• Your assignment: Set the images aside and retype the whole listing exactly.

• Dataset content:
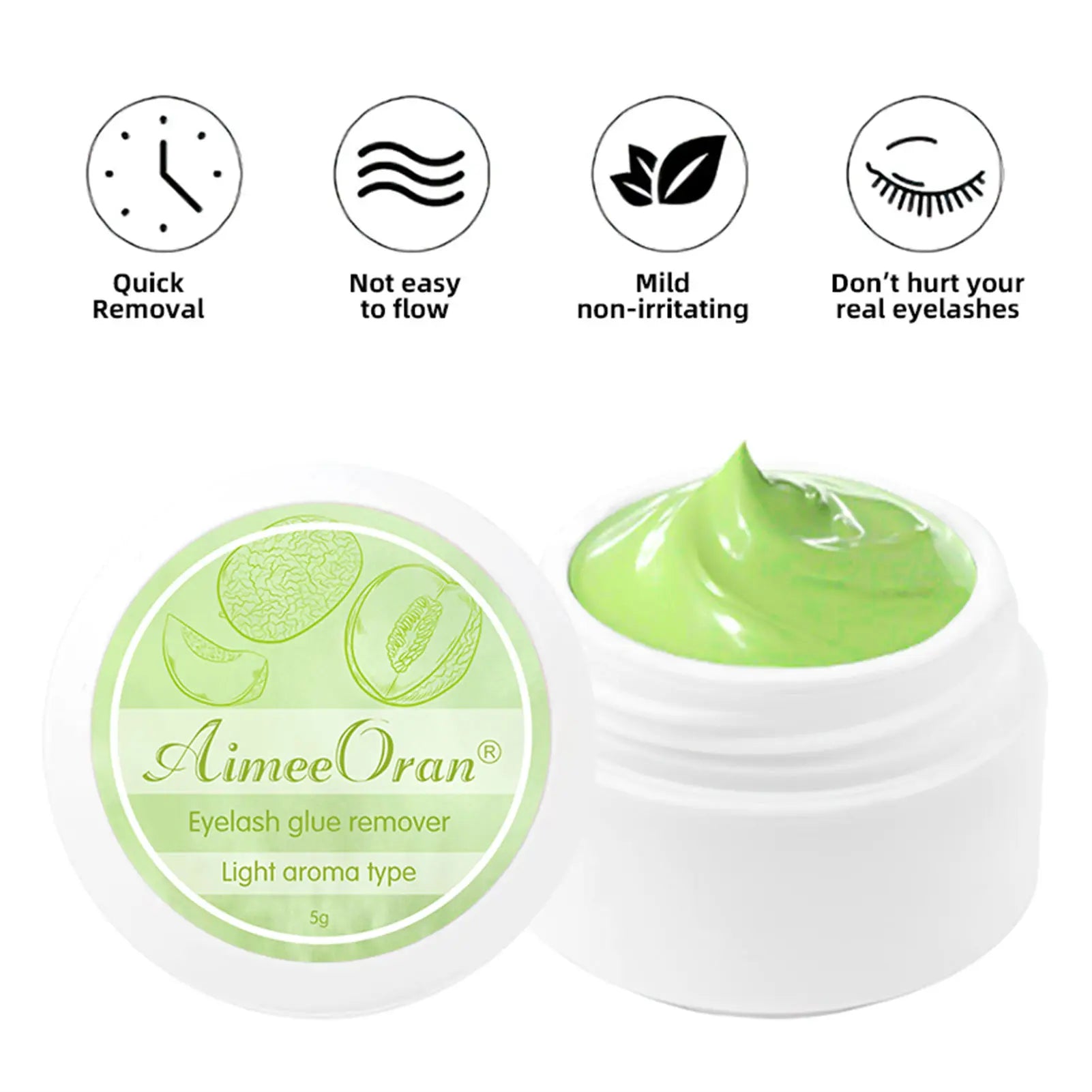 Professional eyelash remover cream Lashes Extension easy remove Quickly Dissolves Glue No Irritating Quick Adhesive daily makeup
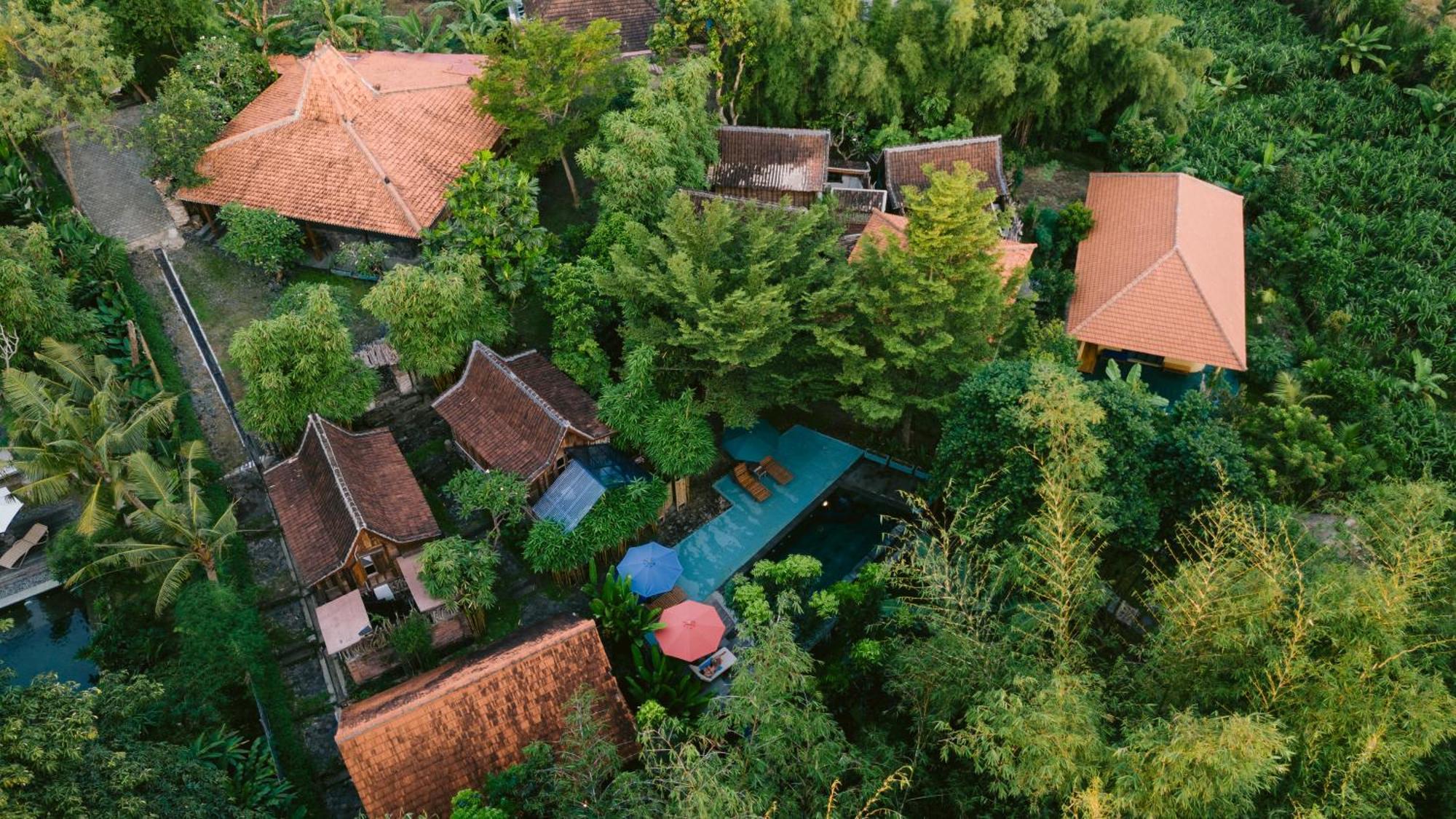 Ubuntu Bali Eco Yoga Retreat - Canggu Екстер'єр фото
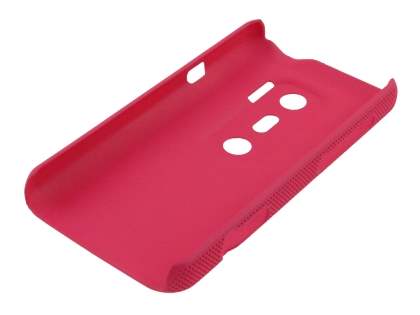 HTC EVO 3D Micro Mesh Case - Cerise Pink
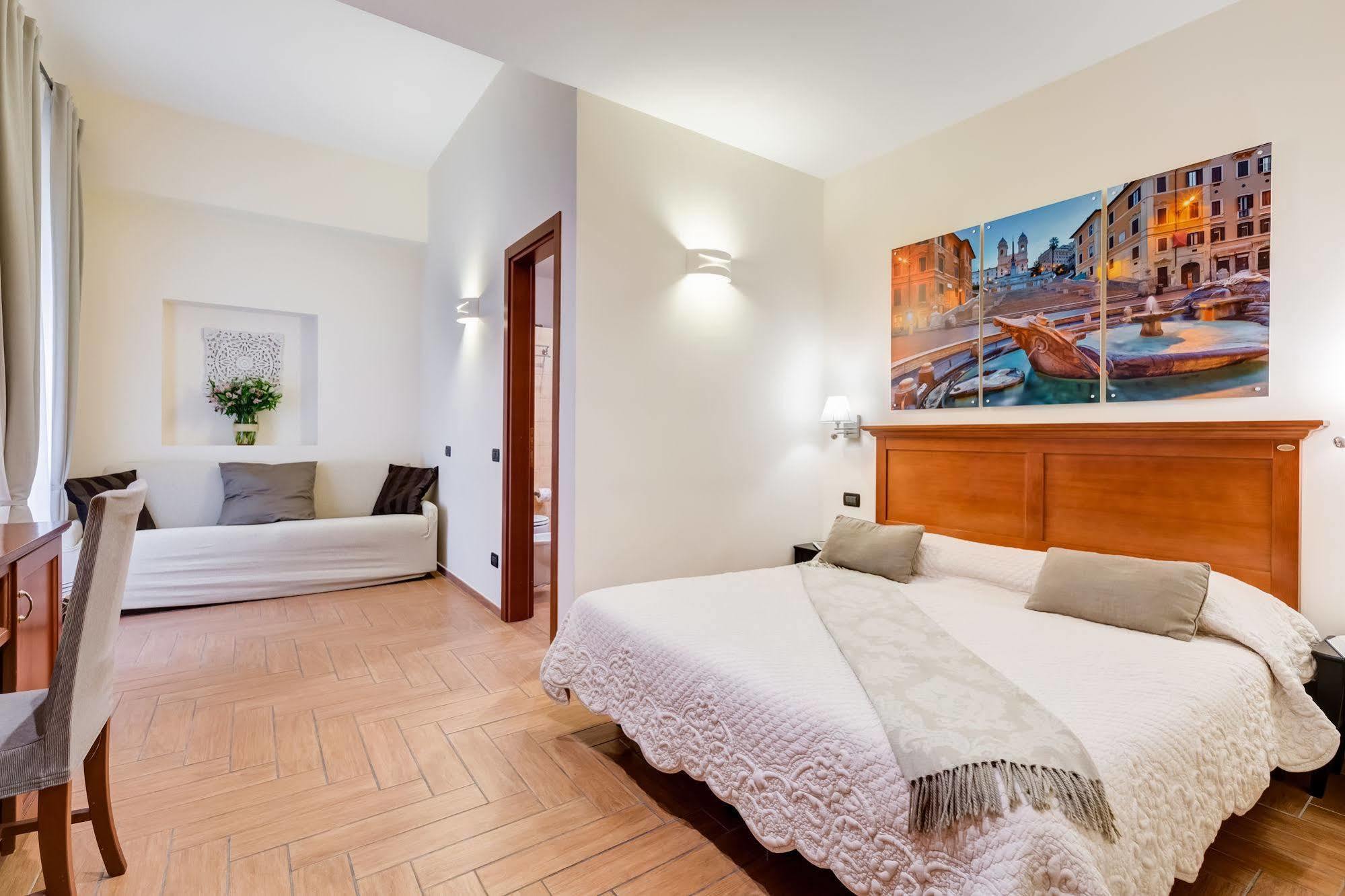 Pensión Residenza Roma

• Output:
 Professional eyelash remover cream Lashes Extension easy remove Quickly Dissolves Glue No Irritating Quick Adhesive daily makeup
 Ubuntu Bali Eco Yoga Retreat - Canggu Екстер'єр фото
 HTC EVO 3D Micro Mesh Case - Cerise Pink
 Pensión Residenza Roma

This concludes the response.